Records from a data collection

--*--

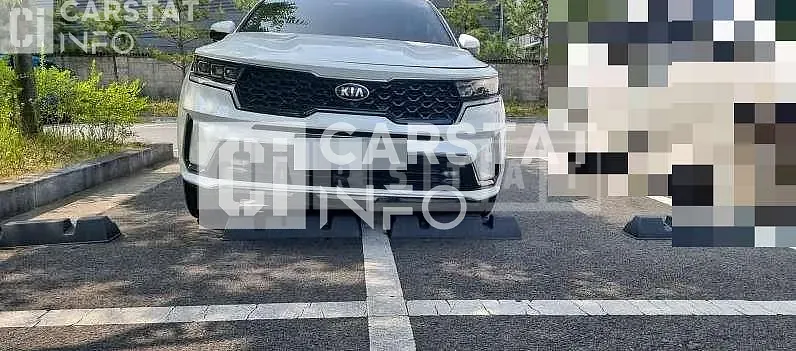 Photo 2 of 42: 2020 Kia Sorento 2.2 (6 -Seater), VIN KNARG81BHMA001830 — Korean insurance auction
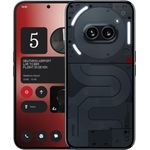 Nothing Phone (2a) 12+256GB - Handy ohne vertrag mit Nothing OS 2.5 - Schwarz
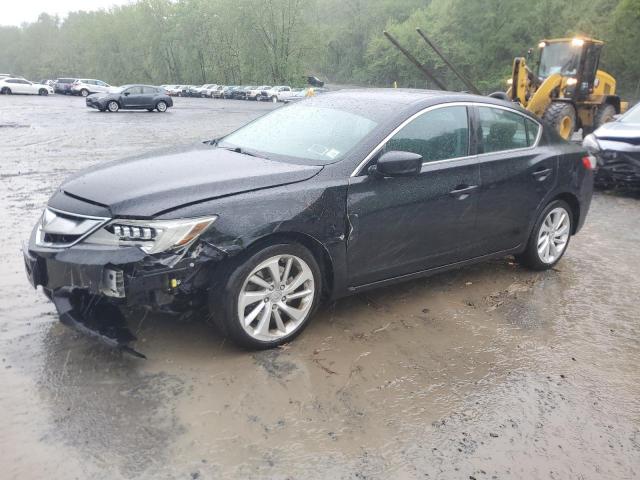  Salvage Acura ILX
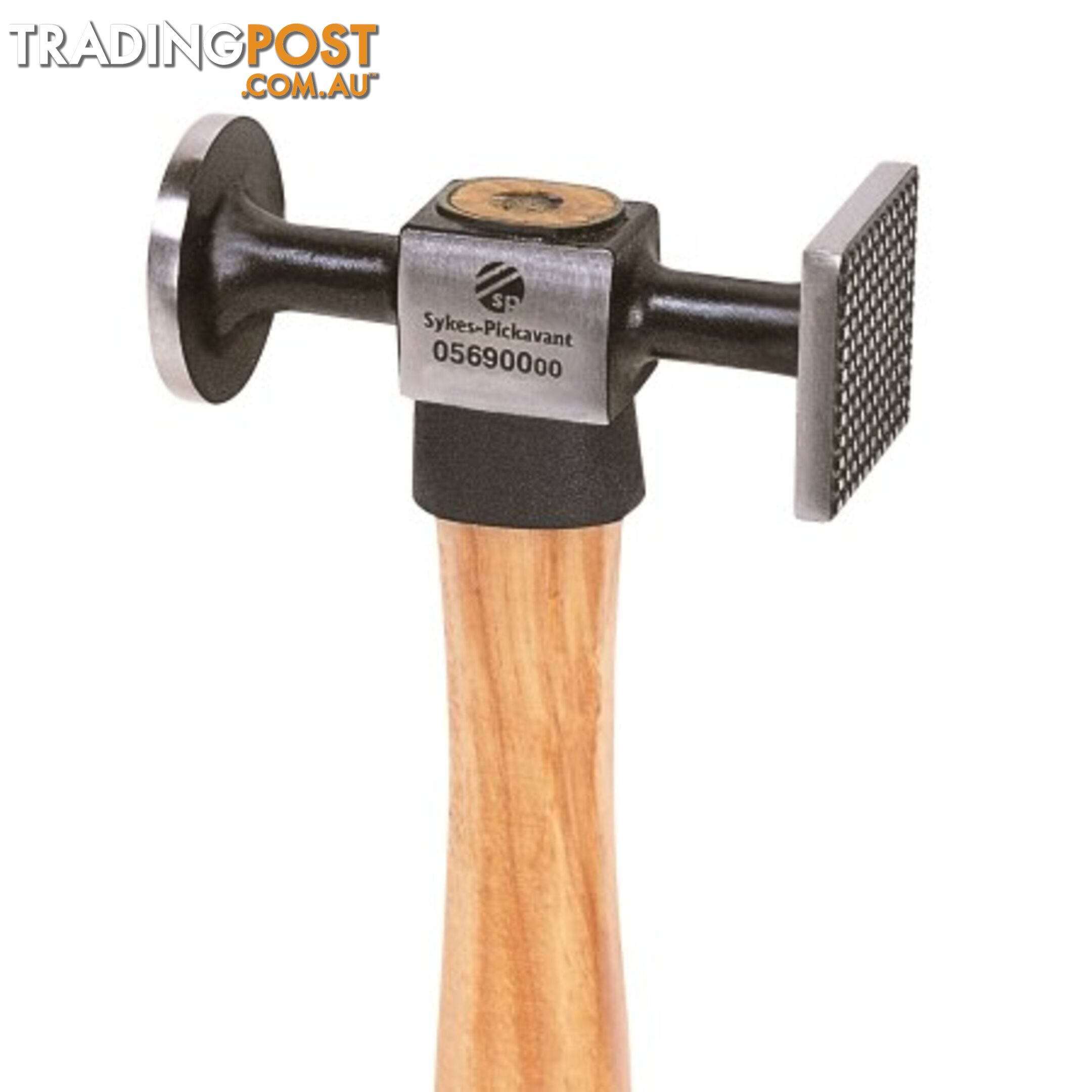 Sykes Shrinking/Flat Face Shrinking Hammer SKU - 56900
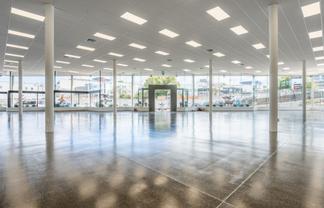 Exceptional Showroom Opportunity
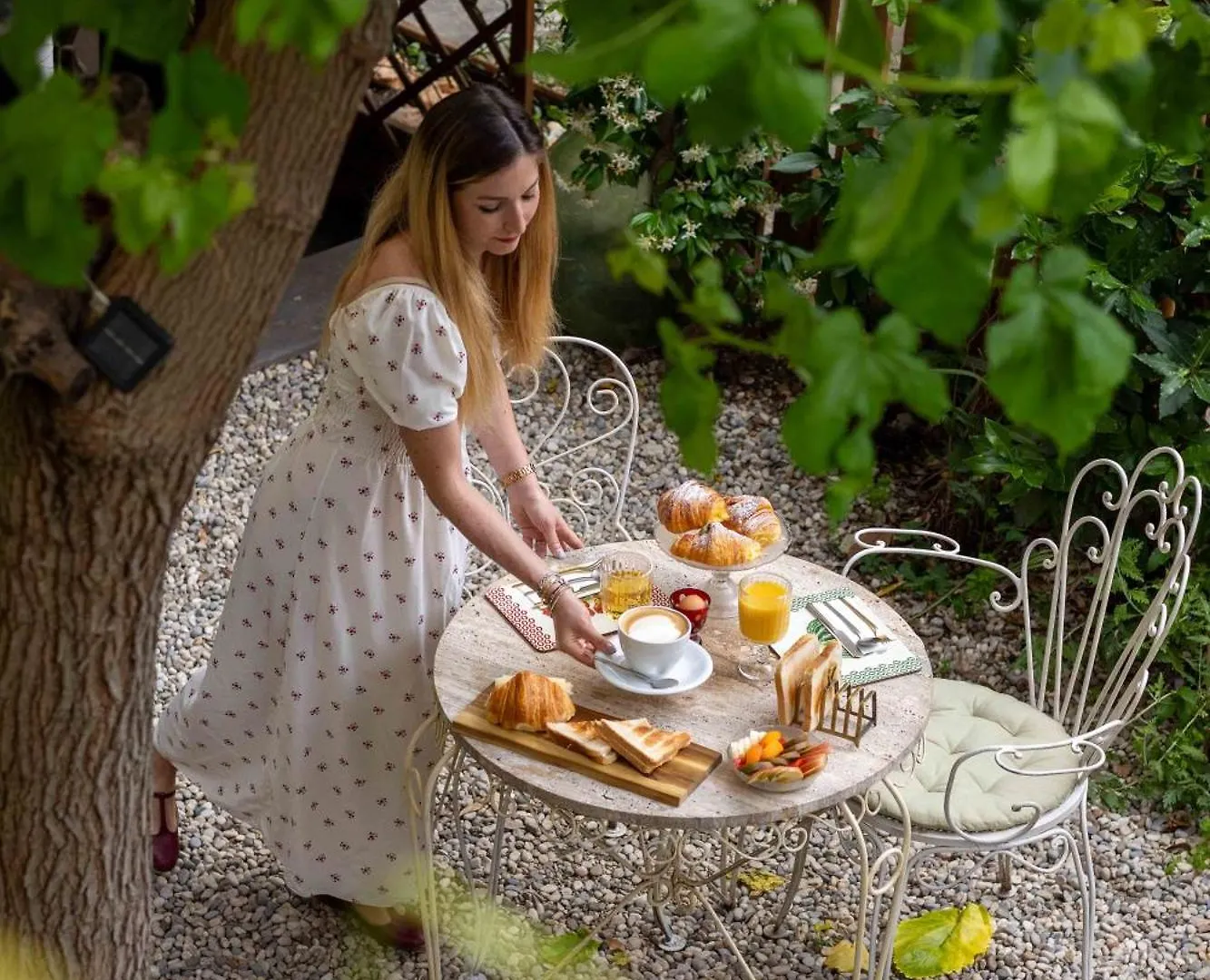Secret Garden Firenze B&B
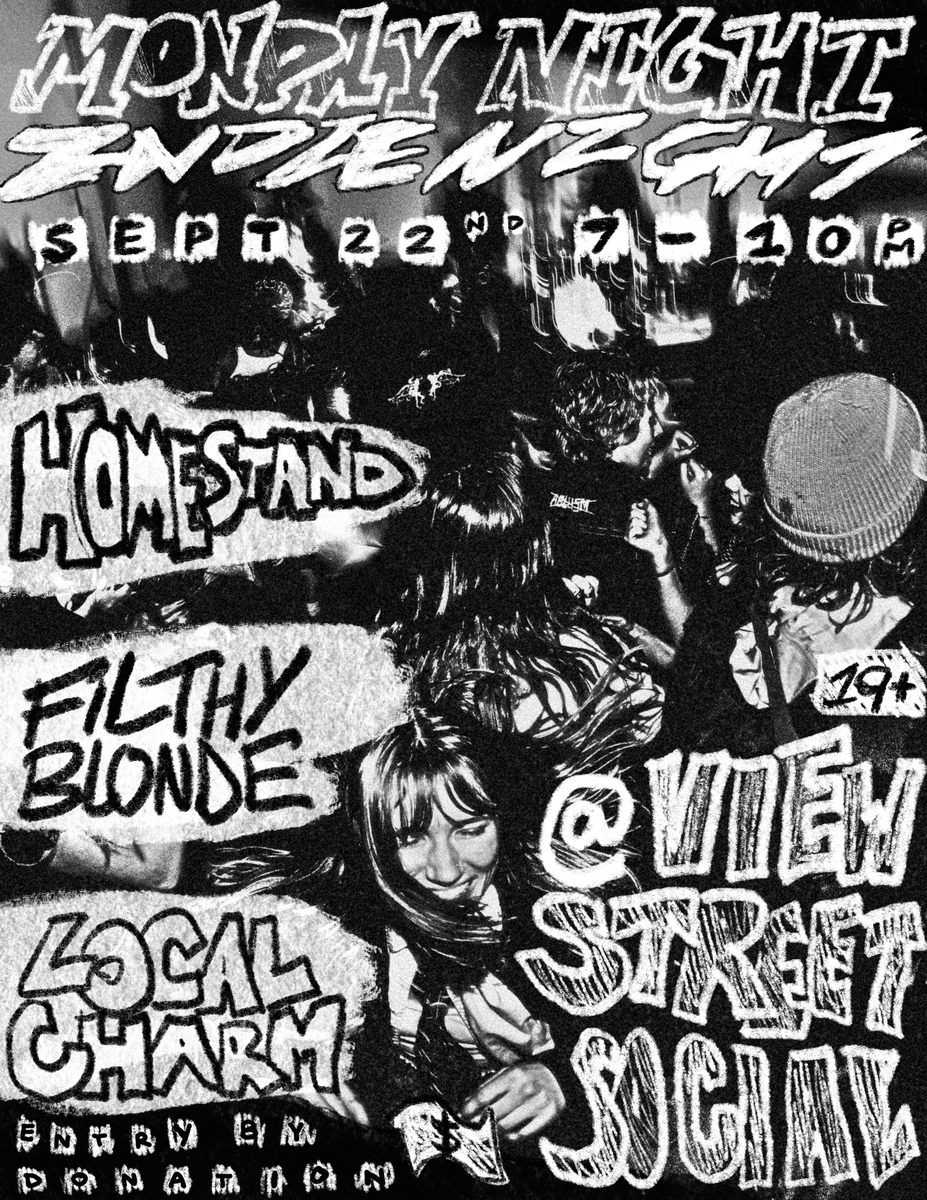 Event poster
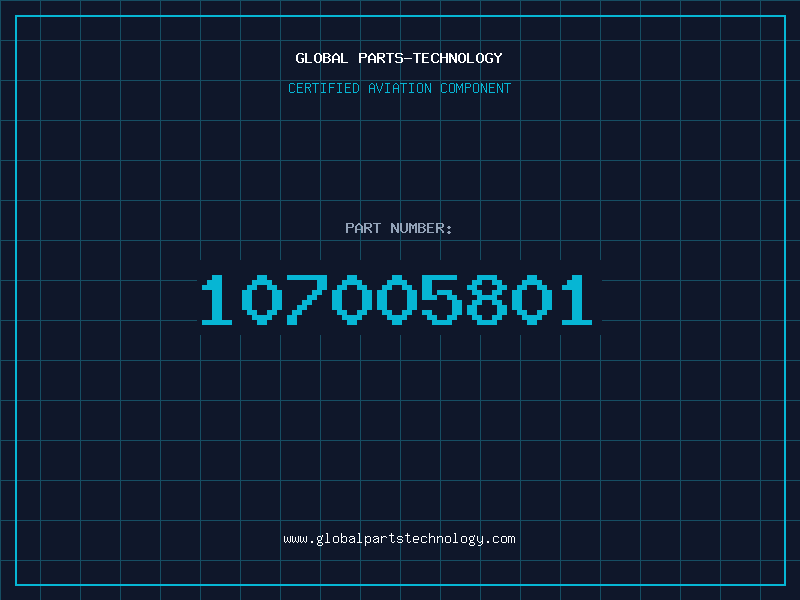 Aviation Part 107005801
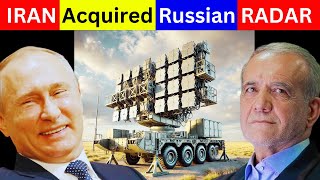 🔴Russia’s New AntiRadar System Deal with Iran What next [upl. by Engvall]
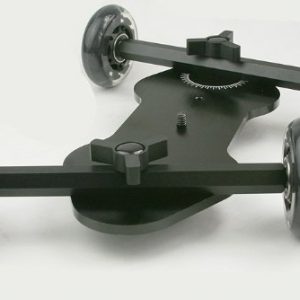 Large Table Flex Dolly Video Stabilization System for DSLR Cameras & Camcorders-1625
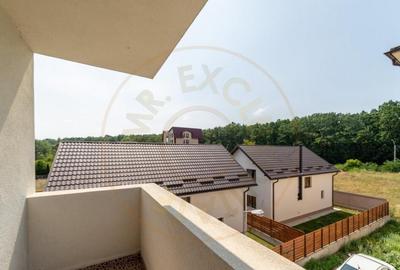 Inchiriere - Apartament 3 camere bloc nou + loc de parcare. - 5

--*--

WORK TO COMPLETE
Each line above should be set down exactly as written, with pictures excluded.

RESULT OF THIS TASK
 Photo 2 of 42: 2020 Kia Sorento 2.2 (6 -Seater), VIN KNARG81BHMA001830 — Korean insurance auction
 Nothing Phone (2a) 12+256GB - Handy ohne vertrag mit Nothing OS 2.5 - Schwarz
  Salvage Acura ILX
 Sykes Shrinking/Flat Face Shrinking Hammer SKU - 56900
 Exceptional Showroom Opportunity
Secret Garden Firenze B&B
 Event poster
 Aviation Part 107005801
 🔴Russia’s New AntiRadar System Deal with Iran What next [upl. by Engvall]
 Large Table Flex Dolly Video Stabilization System for DSLR Cameras & Camcorders-1625
 Inchiriere - Apartament 3 camere bloc nou + loc de parcare. - 5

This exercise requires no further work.